Aggregation-Induced Emission (AIE)

Aggregation-Induced Emission (AIE) refers to the phenomenon where certain organic luminescent molecules (fluorescent dyes) exhibit enhanced light emission in the aggregated or solid-state compared to their solution state. This effect is contrary to the typical behavior of most organic compounds, which usually experience fluorescence quenching due to phenomena such as aggregation-caused quenching (ACQ) in the solid state. The primary cause of AIE is the restricted molecular motion in the aggregated state (reduced flexibility), which effectively suppresses non-radiative energy dissipation and improves fluorescence efficiency. Furthermore, fluorescence enhancement can also occur when molecular motion is restricted due to host–guest interactions or increased viscosity of the solution, a phenomenon rarely seen in conventional host–guest complexes.

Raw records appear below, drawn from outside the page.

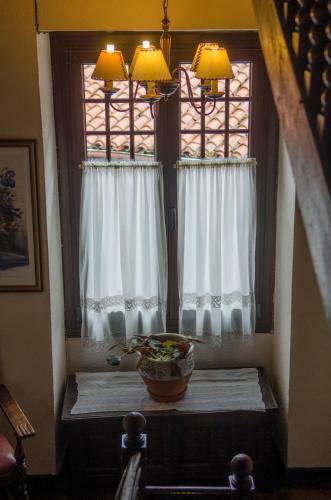 Hostal Ayestaran II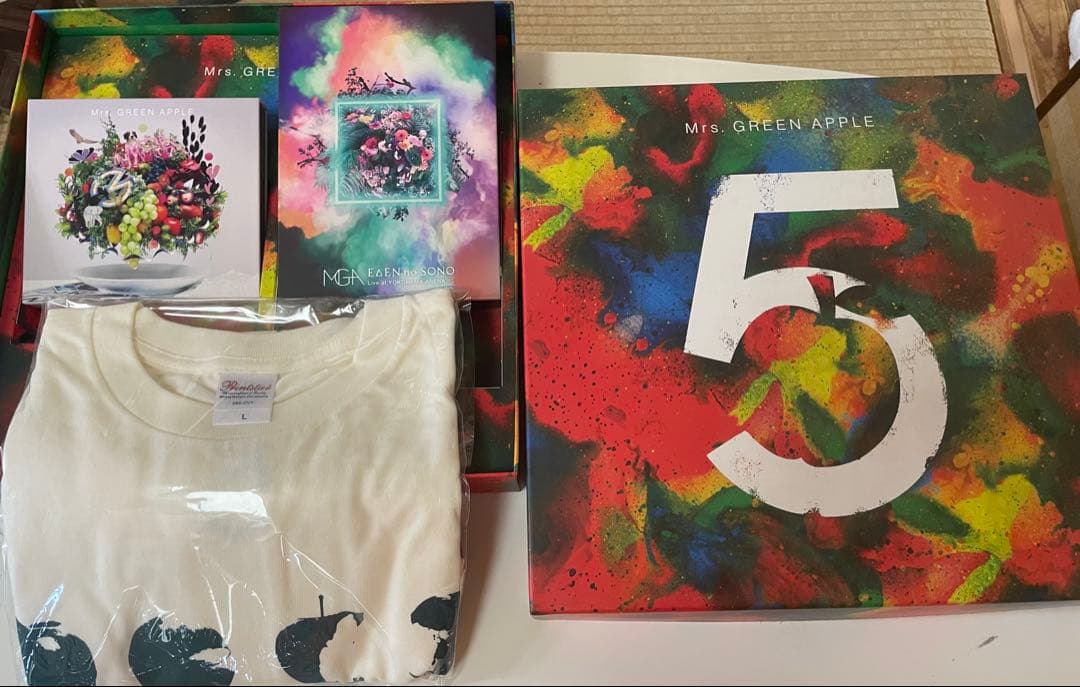 完全生産限定盤　Mrs. GREEN APPLE 『5』　 Tシャツのみ新品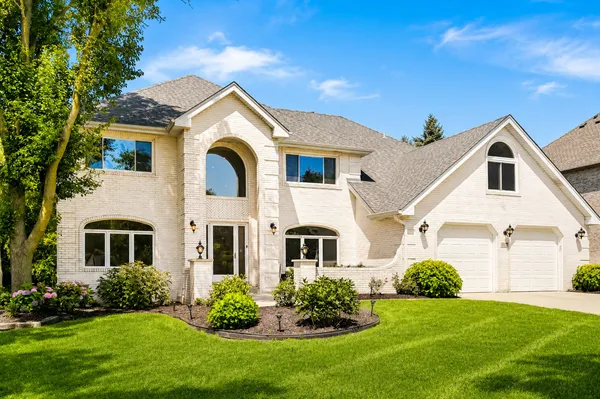 $1,049,900 | 6722 Sweetbriar Lane, Darien, IL 60561
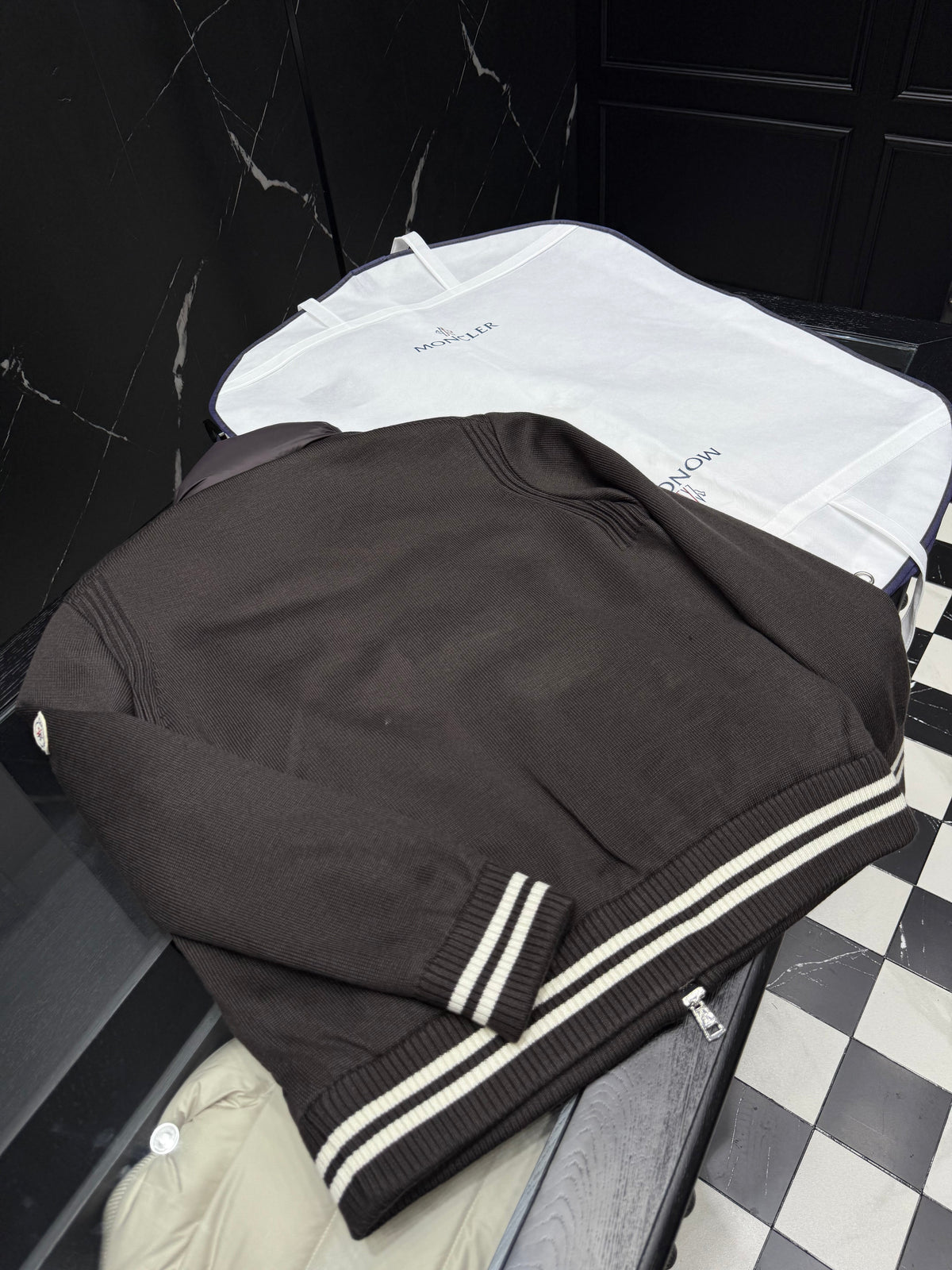 P - CARDIGAN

Aggregation-Induced Emission Enhancement (AIEE) refers to the phenomenon in which certain organic luminescent molecules exhibit a higher photoluminescence efficiency in the aggregated state than in the solution state. Some luminescent molecules (such as diketopyrrolopyrrole and sulfonamide compounds) only show stronger emission when they enter the crystalline state, a phenomenon referred to as Crystallization-Induced Emission Enhancement (CIEE). Additionally, some luminescent materials (such as noble metal nanoclusters) also show higher photoluminescence efficiency in the aggregated state compared to when they are uniformly dispersed in solution, a phenomenon known as Aggregation-Induced Emission (AIE).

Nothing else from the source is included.